Però si ha proprio la sensazione che sia una lista da spuntare più che una necessità dovuta dalla narrativa, manca un pizzico di coesione organica in alcuni passaggi. Rovina un po' il retrogusto della trama, che tuttavia rimane estremamente godibile e movimentata da un ottimo ritmo per cui ogni puntata ha qualcosa da dire, si aggiunge sempre un nuovo tassello al mosaico. A far risplendere l'intreccio è di nuovo la brillante messa in scena, spesso volutamente metacinematografica, di molti eventi, come ad esempio l'individuazione dei sospetti allestita da casting per un ruolo teatrale.

Sono simili trovate, piacevoli nella loro estrosità e mai eccessivamente prolisse, a dare gusto alla narrativa di Only Murders in the Building più che i plot twist in sé, prevedibili da appassionati anche part-time, per cosi dire, del genere investigativo. I suoi difetti vanno riscontrati più che altro altrove: innanzitutto in un discorso generale relativo al finale, segnato da un cliffhanger poco ispirato rispetto allo sgargiante insieme che l'ha preceduto.

E soprattutto su ciò che comporta, ovvero una seconda stagione già confermata, e sull'effettiva fattibilità di proseguire con un concept del genere, salvo clamorose rivoluzioni strutturali cui però la serie non sembra preparata.

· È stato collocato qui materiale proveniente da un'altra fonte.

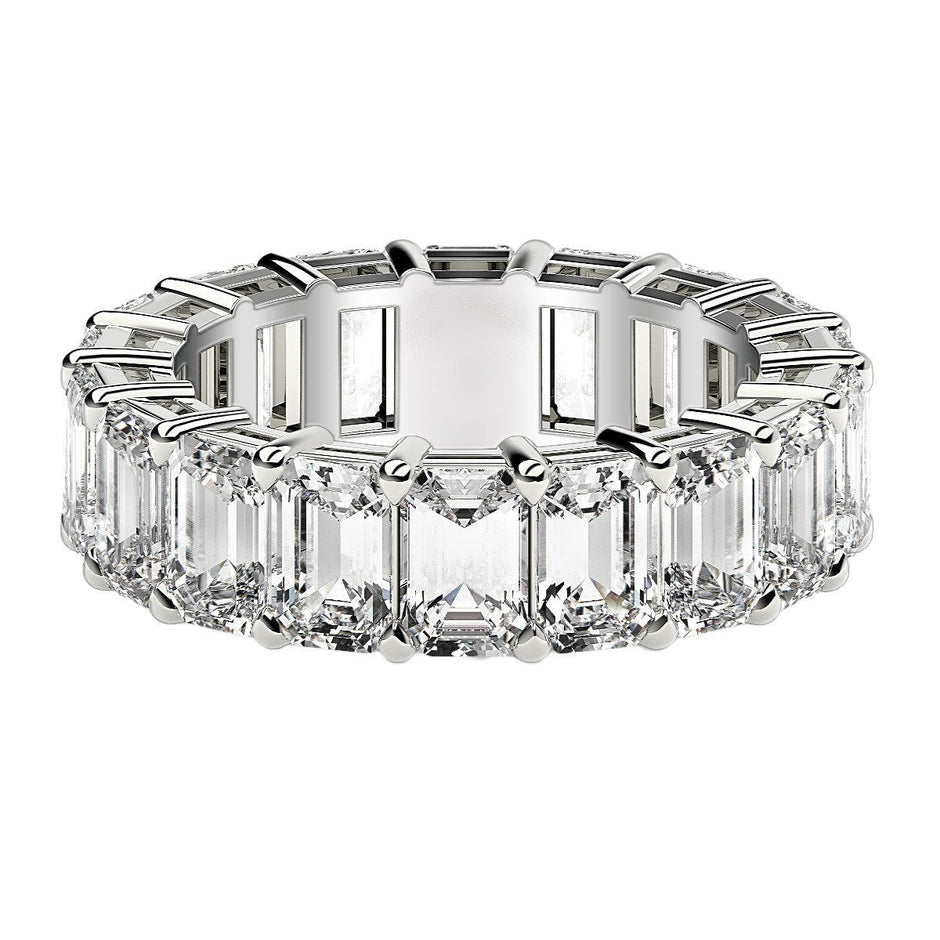 Emerald Cut Lab Grown Diamond Eternity Ring in 14k White Gold (8 cttw FG/VS2) - Rings - Custom Crafting Alliance, LLC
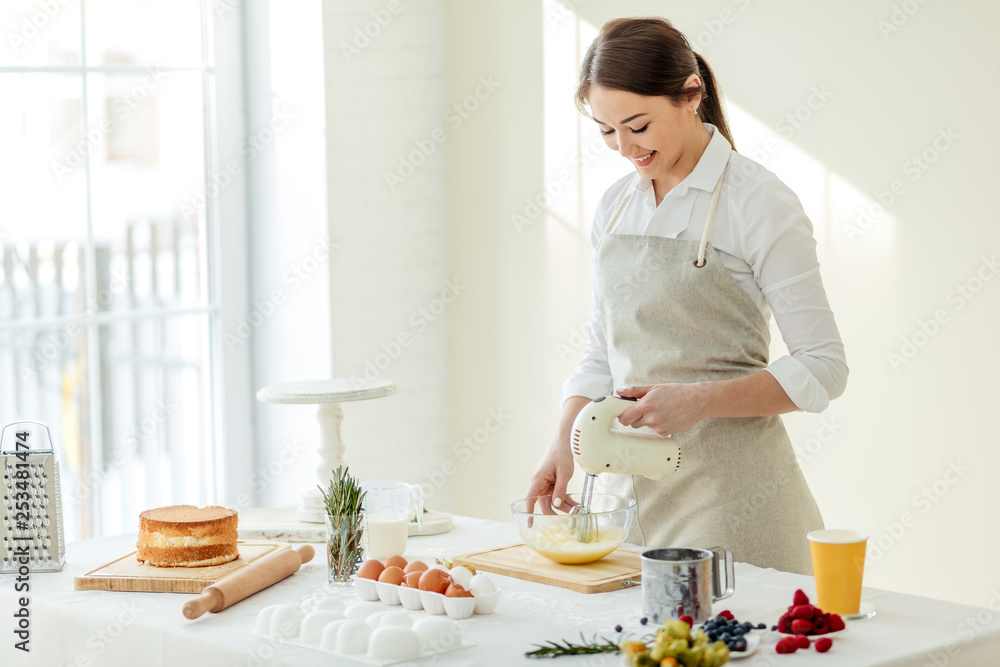 happy girl enjoying baking cake, favorite hobby, happiness, close up photo. copy space happy girl enjoying baking cake, favorite hobby, happiness, close up photo. copy space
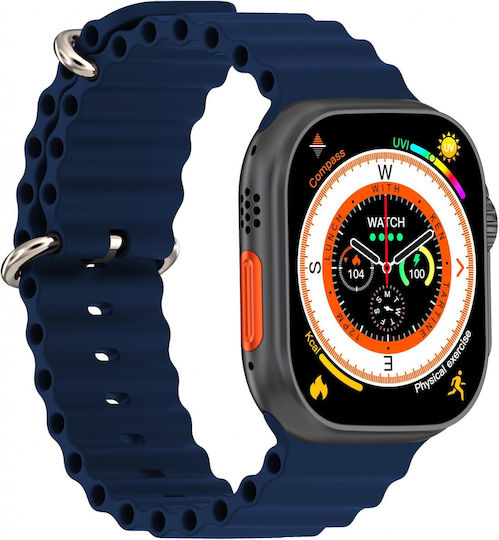 Kiano Solid Smartwatch with Heart Rate Monitor (Black and Blue Stripe) view 5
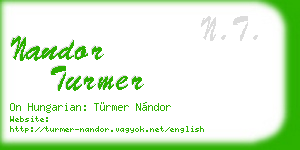 nandor turmer business card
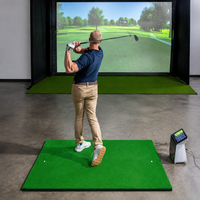 Golf Practice Equipment, Home Practice Simulator, 90cm, Driver Compatible, Thick EVA Mat, Indoor & Outdoor Use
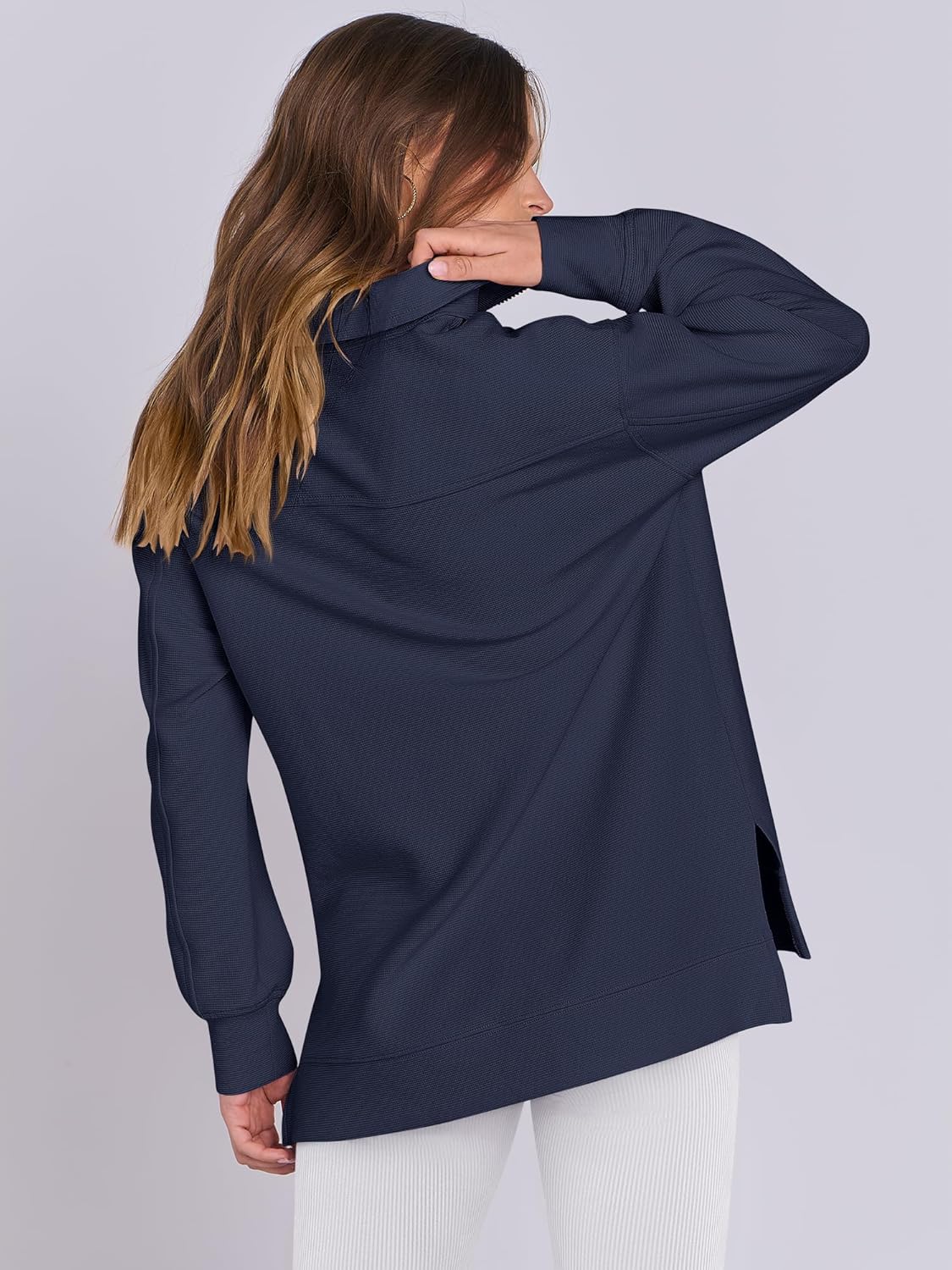 Oversized High Neck Half Zip Knit Sweatshirts
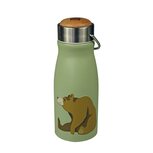 The Zoo RVS dubbelwandige Drinkfles met beer - Flask Brown Bear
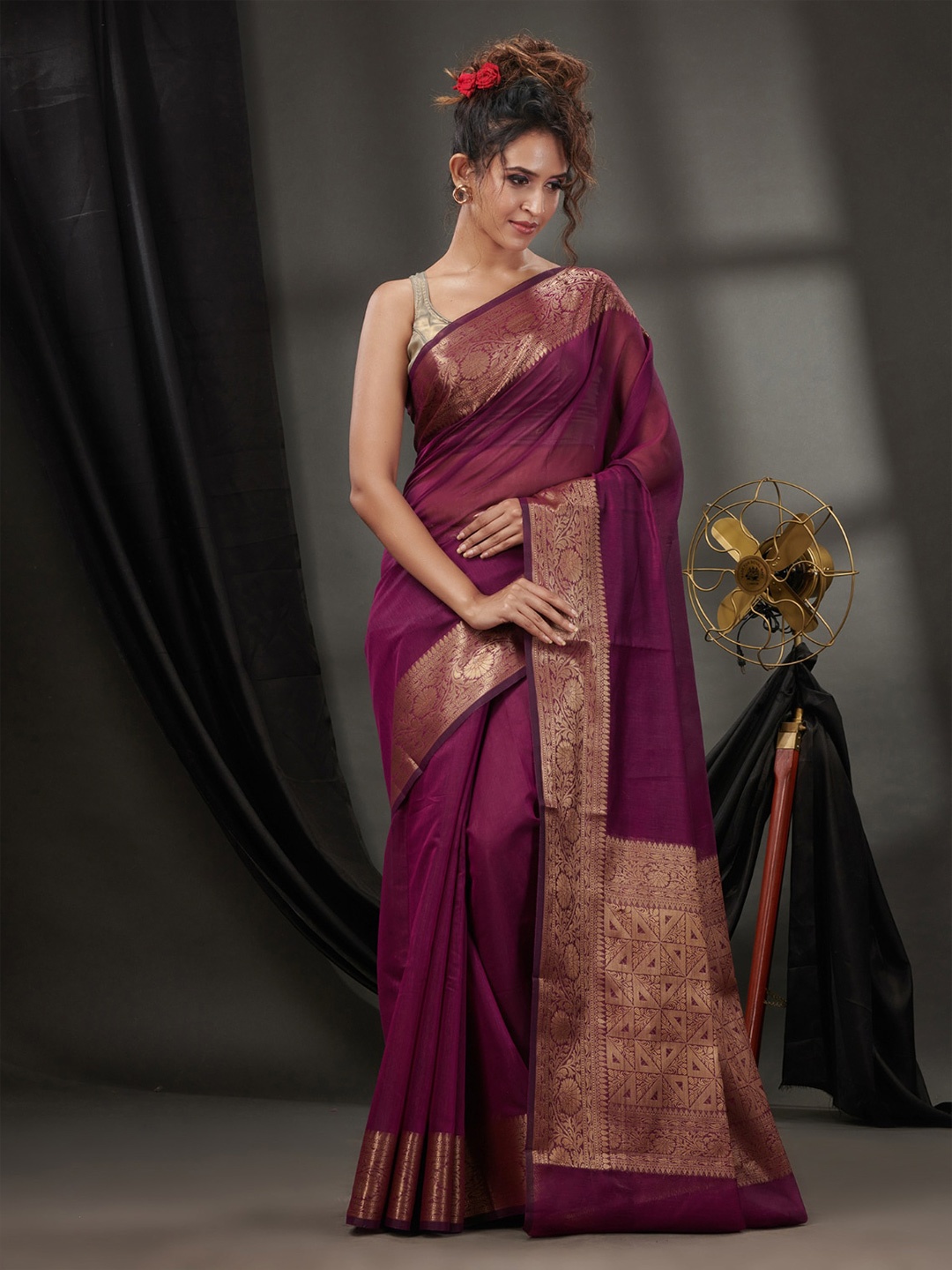 

Charukriti Zari Detailed Saree, Purple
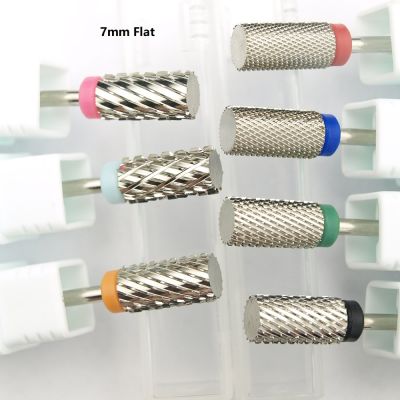 【DT】hot！ New 6.6mm Big Round Flat Top barrel Original Tungsten steel Carbide Manicure drill bit File Accessories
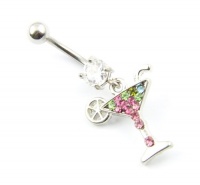 316L Surgical Steel 14G 7/16 Inch Cup of Cocktail Dangle Girl's Navel Belly Bar Ring Barbell Body Jewelry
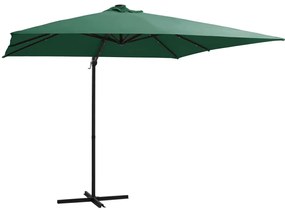 Guarda-sol cantilever c/ luzes LED e poste aço 250x250 cm verde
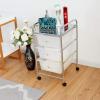 Giantex 6 Storage Drawer Cart Rolling Organizer Cart for Tools Scrapbook Paper Home Office School Multipurpose Mobile Utility Cart (Black Gradient)(Clear White)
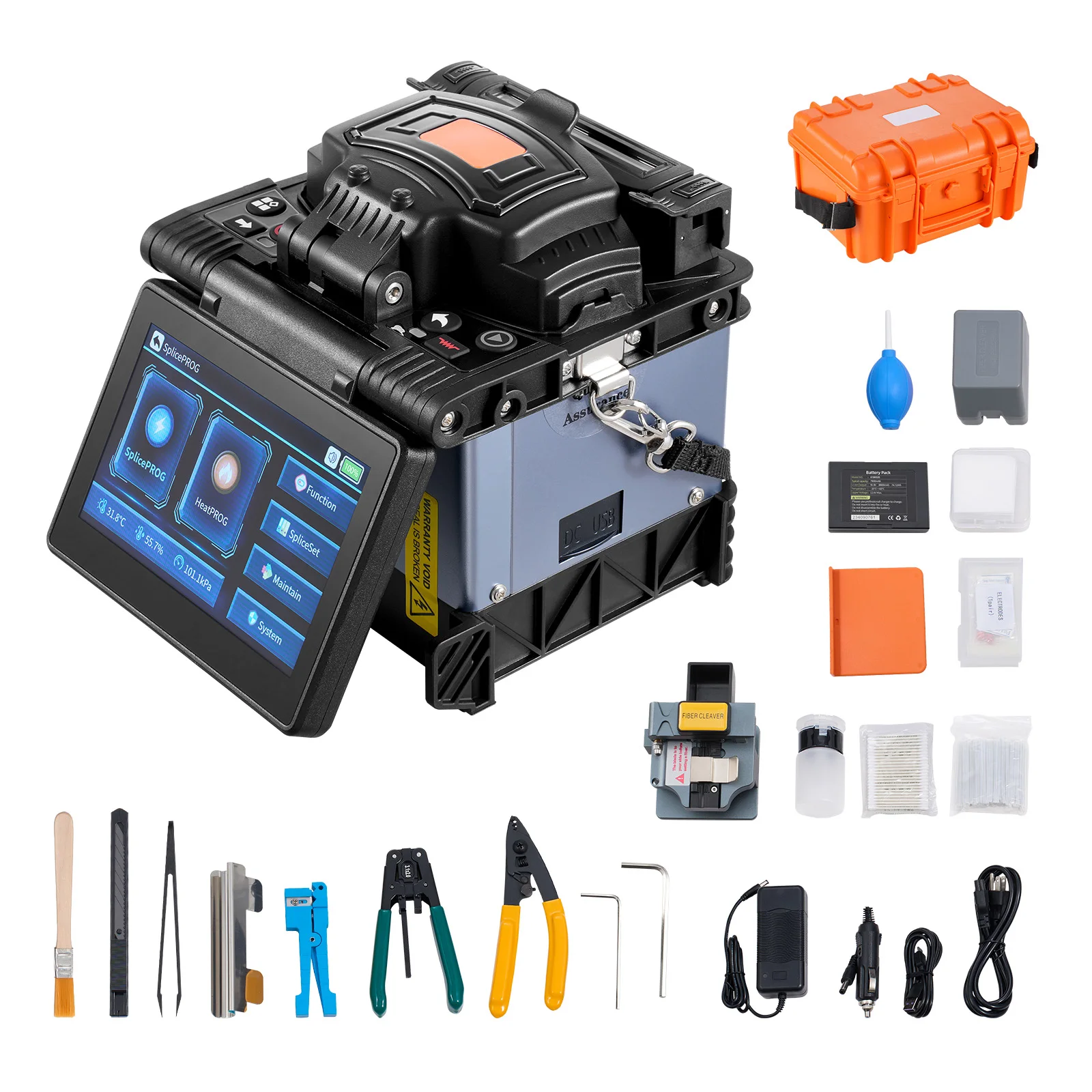 

SucceBuy Fiber Fusion Splicer 6 Motors Core Alignment Fiber Optic Splicer w/ Touch Screen 3 in 1 Fiber Holder for SM MM DS NZDS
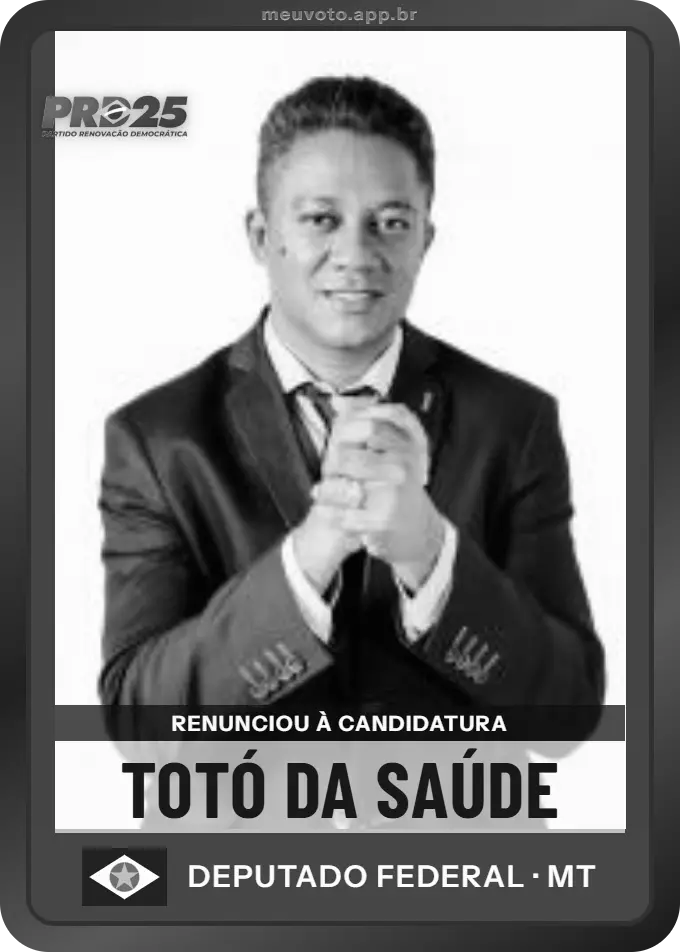 Carta de Totó da Saúde, PRD. Renunciou à candidatura e não vai à urna.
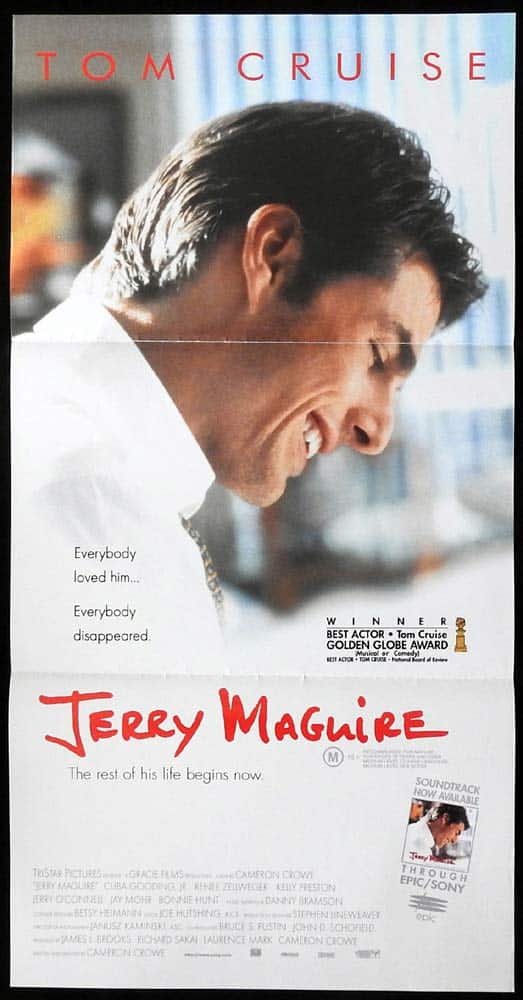 JERRY MAGUIRE Original Daybill Movie Poster Tom Cruise Cuba Gooding Jr
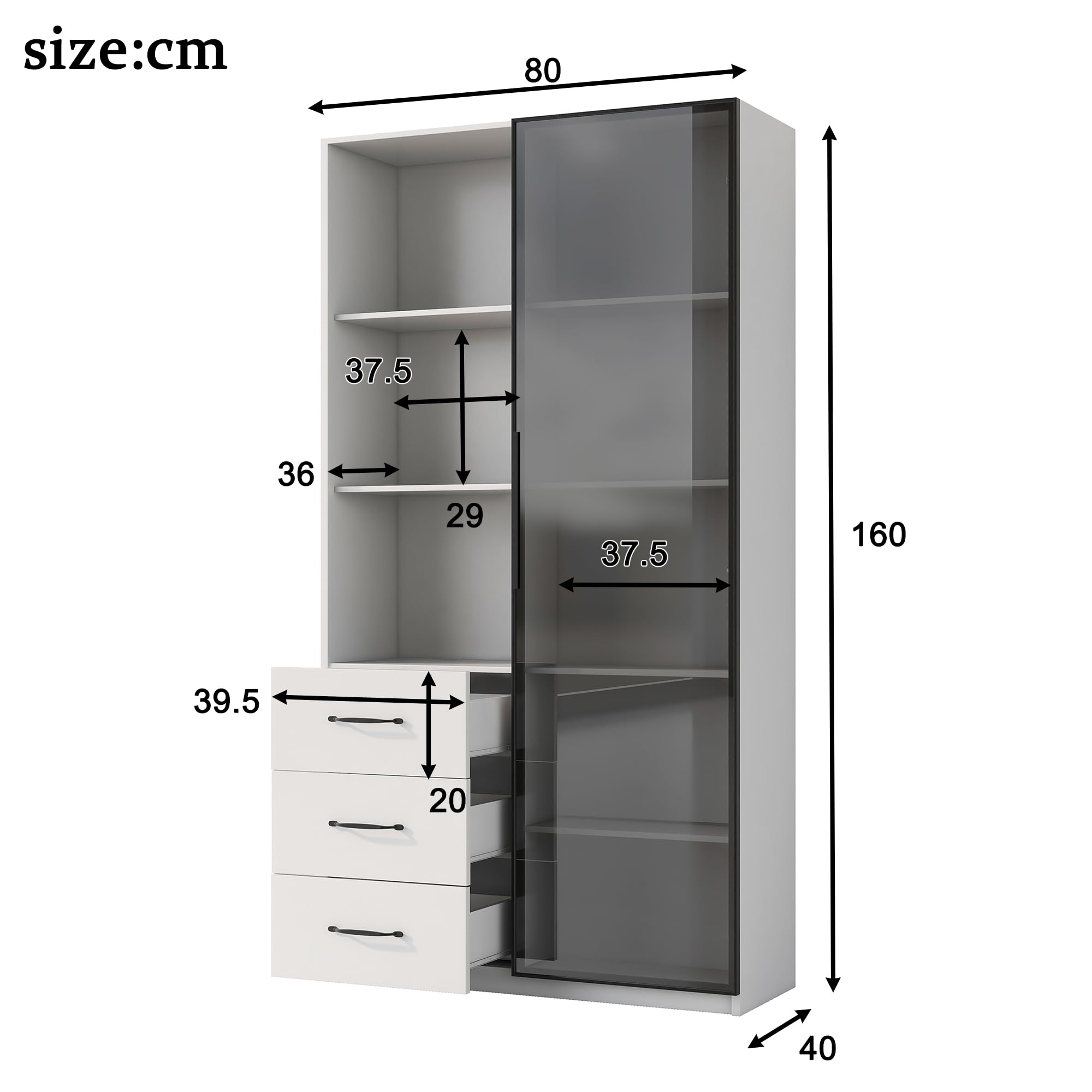 Vetrina con illuminazione LED 80 x 40 x 160 cm – Libreria con anta in vetro temperato e luci LED, 3 cassetti e 3 vani aperti, struttura in alluminio, LED multicolore (F)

Insomma, questo show non è stato pensato con una profondità - di cast, narrativa, evoluzioni dei personaggi (già compiute) - tale da poter reggere un cambiamento radicale. Ma sono solo nostre sensazioni, lo ammettiamo.

Only Murders in the Building allora pecca su un singolo aspetto alquanto datato, in parte previsto dal proposito parodistico, sebbene troppo abusato. Vi sono momenti ed escamotage narrativi, concentrati nella seconda metà di stagione, che hanno il solo scopo di ritardare forzatamente una svolta cruciale nelle indagini. Non talmente invasivi da annichilire suspense e ritmo, ma al contempo troppo palesi da non provocare fastidio e, in un caso particolare, risultare davvero fini a se stessi, per il solo piacere di portare sul set un'altra guest star.

Only Murders In the Building Only Murders in the Building è sicuramente una delle più piacevoli sorprese ci questo 2021. La serie Disney+, infatti, si propone fin dalle prime sequenze come una chiara parodia del genere investigativo, sfruttando una tensione effettivamente presente al giorno d'oggi, ovvero la mania del true crime e dei podcast ad esso dedicati. Uno sguardo lucido esaltato da un meraviglioso comparto comico, che trova la sua proverbiale ciliegina sulla torta nelle vena metacinematografica di uno dei protagonisti, spesso mostrato nell'atto di correggere intonazioni, gestualità e battute degli altri personaggi - come se stesse letteralmente modificando il copione. Anche l'aspetto parodistico in sé riesce ad intrattenere più che degnamente, magari senza straordinari sussulti, ma con una messa in scena di alcuni avvenimenti davvero peculiare. A frenare le ambizioni della serie sono più che altro un cliffhanger finale un po' deludente e casuale e, soprattutto, l'utilizzo di alcuni escamotage narrativi piuttosto fini a sé stessi, specialmente nella seconda metà di stagione, che hanno il solo scopo di ritardare alcune svolte cruciali della narrativa. Non basta però a cancellare la meraviglia del resto, Only Murders in the Building merita di essere esplorato a fondo.